The entries below contain a stretch that opens with the line containing "White sleeveless dress" and closes with the line containing "An orange piece"; set down that stretch exactly, both ends included, and nothing else.

* _Dataset excerpts_:
=== Section Start ===

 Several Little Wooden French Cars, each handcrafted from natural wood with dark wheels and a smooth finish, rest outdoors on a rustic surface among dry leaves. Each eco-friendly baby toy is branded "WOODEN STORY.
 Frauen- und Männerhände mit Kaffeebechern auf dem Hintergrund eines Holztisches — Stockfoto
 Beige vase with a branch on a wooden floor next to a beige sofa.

=== Section End ===
=== Section Start ===

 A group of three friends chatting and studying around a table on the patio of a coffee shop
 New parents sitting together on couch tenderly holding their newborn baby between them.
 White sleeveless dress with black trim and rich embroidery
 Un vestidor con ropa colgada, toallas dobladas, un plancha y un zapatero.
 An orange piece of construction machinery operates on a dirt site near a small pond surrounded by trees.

=== Section End ===

* _Result of this exercise_:
 White sleeveless dress with black trim and rich embroidery
 Un vestidor con ropa colgada, toallas dobladas, un plancha y un zapatero.
 An orange piece of construction machinery operates on a dirt site near a small pond surrounded by trees.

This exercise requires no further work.